DWHT Pointwise Convolution: Replaces 1×1 learned convolution by a fixed DWHT of the channel vector, with zero learnable parameters and only $O(n \log n)$ additions per spatial location (Jeong et al., 2019).
Block WHT for Arbitrary Channel Sizes: Applies 1D WHTs to blocks of channels with overlapping windows, avoiding wasteful zero padding, and is especially useful when channel counts are not powers of two (Pan et al., 2022).
Comparison to Fourier-Domain Convolution: Analogous to FFT-based acceleration, spatial convolution becomes trivial elementwise multiplication in the transform domain. For Hadamard, the kernels and activations remain real, and the transform involves no multiplications, yielding significant speed and parameter advantages (Crasmaru, 2018).

These approaches are particularly effective when:

Hardware requires low latency and energy (e.g., IoT, edge devices) (Mannam, 2022).
Model compression and runtime are prioritized over marginal accuracy losses.
Multiplication-free operations are essential, as on low-cost DSP, FPGA, or ASIC platforms (Pan et al., 2021, Jeong et al., 2019).

4. Computational Properties and Empirical Performance

Hadamard-domain convolution leverages the following computational features:

Convolution Type	Complexity per Location	Parameters	Multiplies
Standard 1×1 conv	$O(C_{in} C_{out})$	$C_{in} C_{out}$	$O(C_{in} C_{out})$
Hadamard/WHT-based 1D	$O(C \log C)$	$O(C)$ or $0$	$0$ (adds only)
2D WHT-based	$O(HW \log H + HW \log W)$	$O(2^{p+q})$	$0$ (adds only)
FFT-based conv	$O(N^2 \log N)$	$N^2$	$O(N^2 \log N)$

Speed and Memory: For typical MobileNet or ResNet blocks, time per forward pass with WHT layer is up to $24\times$ faster and uses up to $20\%$ less RAM (batch $10\times8\times8\times1024$ ), e.g., $1.886$ s for $3\times3$ conv vs.\ $0.077$ s for 2D WHT (Pan et al., 2022).
Parameter Reduction: Replacing 1/3 of 1×1 convs in MobileNet-V2 yields a $77.8\%$ reduction in trainable parameters with only $1.75$ percentage points accuracy loss (CIFAR-10) (Pan et al., 2022).
Energy Consumption: For kernel size $F \ll N$ , energy per pass for Hadamard method is lower than direct convolution when $N$ not too large, due to vastly reduced multiplies—only the elementwise product in the transform domain requires multiplications (Mannam, 2022).
Empirical Results: On MNIST, Hadamard-domain and classical convolution achieve near-identical test accuracy; on CIFAR-10/100 with multi-channel images, the Hadamard method underperforms by 2–9 points depending on architecture and layer replacement ratio (Mannam, 2022, Pan et al., 2021, Jeong et al., 2019).

5. Variant Constructions and Practical Implementations

Several practical variants and algorithmic improvements have been developed:

Smooth-Thresholding and Denoising: Nonlinearities such as $S_\tau(x) = \tanh(x)(|x|-\tau)_+$ are applied in the transform domain, often with per-coefficient (but not per-connection) learned thresholds (Pan et al., 2021, Pan et al., 2022).

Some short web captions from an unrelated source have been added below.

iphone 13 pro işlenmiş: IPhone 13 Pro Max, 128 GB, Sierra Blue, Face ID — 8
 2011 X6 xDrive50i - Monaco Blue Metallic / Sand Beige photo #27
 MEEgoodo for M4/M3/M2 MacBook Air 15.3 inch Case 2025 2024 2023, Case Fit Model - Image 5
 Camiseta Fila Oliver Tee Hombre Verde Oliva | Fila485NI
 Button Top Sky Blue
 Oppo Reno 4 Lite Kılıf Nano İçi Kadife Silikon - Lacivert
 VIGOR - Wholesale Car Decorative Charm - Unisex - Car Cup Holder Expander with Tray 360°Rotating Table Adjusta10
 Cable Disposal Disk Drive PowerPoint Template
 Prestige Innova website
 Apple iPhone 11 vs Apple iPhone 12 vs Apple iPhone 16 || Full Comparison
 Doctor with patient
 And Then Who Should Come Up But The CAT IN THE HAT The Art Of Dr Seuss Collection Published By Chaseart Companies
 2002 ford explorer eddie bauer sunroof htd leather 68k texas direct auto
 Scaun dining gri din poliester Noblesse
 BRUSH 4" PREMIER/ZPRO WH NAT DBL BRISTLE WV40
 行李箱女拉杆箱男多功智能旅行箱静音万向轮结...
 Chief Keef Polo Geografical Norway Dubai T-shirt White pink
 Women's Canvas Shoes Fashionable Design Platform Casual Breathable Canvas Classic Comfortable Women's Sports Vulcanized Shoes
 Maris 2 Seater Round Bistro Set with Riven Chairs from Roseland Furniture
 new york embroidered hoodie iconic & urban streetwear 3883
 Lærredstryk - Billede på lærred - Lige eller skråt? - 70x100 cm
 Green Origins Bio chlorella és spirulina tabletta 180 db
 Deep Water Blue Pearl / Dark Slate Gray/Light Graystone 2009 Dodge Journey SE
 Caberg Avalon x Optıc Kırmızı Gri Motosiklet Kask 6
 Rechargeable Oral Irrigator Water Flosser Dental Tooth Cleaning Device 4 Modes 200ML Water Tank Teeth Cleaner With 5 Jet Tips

These serve as efficient, channel-wise regularizers.
Multiplication-Free Depthwise Convolution: Local block operations, such as $w \oplus x = \mathrm{sign}(w x)(|w|+|x|)$ and related operators, realize depthwise convolution using only sign and addition operations (Pan et al., 2021).
Learned Permutations and Generalized Bases: One can replace the fixed Hadamard basis by learned orthogonal $\{\pm1\}$ matrices for data-dependent transforms (Mannam, 2022).
Quantum Implementation: The Hadamard transform is realizable by Hadamard gates in quantum circuits; hybrid quantum-classical schemes thereby perform some or all of the convolutional transform steps on a quantum processor (Pan et al., 2023).
Time Series Feature Extraction: Columns of Hadamard matrices are used as orthogonal, ±1-valued convolution kernels in the ROCKET feature-extraction framework, yielding state-of-the-art noise-robustness and at least 2× faster training compared to random-kernel approaches (Hao et al., 3 Nov 2025).

6. Extensions, Limitations, and Theoretical Implications

Extensions:

Fractional Calculus: Hadamard convolution appears in Caputo–Hadamard fractional derivative discretization. Convolution quadrature methods for subdiffusion equations are extended to the logarithmic (Hadamard) case, with high-order correction for initial singularities (Yin et al., 2023).
Full Frequency-Domain Networks: Expressing all layers as transform-domain operations (e.g., via DFT or DWT) using DFT/Hadamard convolution theorems allows backpropagation entirely in the frequency domain, with specialized activations and loss (Crasmaru, 2018).

Limitations:

Accuracy-Complexity Tradeoff: On high-dimensional, multi-channel, or highly textured inputs, Hadamard-based methods exhibit increased error relative to learned spatial convolution unless more sophisticated transforms or hybrid approaches are employed (Mannam, 2022, Pan et al., 2021).
Power-of-Two Constraints: Direct (F)WHT requires padding of non-power-of-two channel/spatial sizes, potentially introducing inefficiency or output truncation (Pan et al., 2022).
Factored vs. Locality: Walsh (dyadic) or circulant convolution differs structurally from spatial ( $K \times K$ ) convolution, affecting feature localization—HT-blocks only approximate true spatial relationships (Pan et al., 2023).
Backward Compatibility and Layer Cascade: Cascading multiple Hadamard-domain layers often requires repeated forward/inverse transforms, unless staying exclusively in the transform domain (Mannam, 2022, Crasmaru, 2018). A plausible implication is that end-to-end Hadamard networks may benefit from trainable or hybrid frequency-domain operations.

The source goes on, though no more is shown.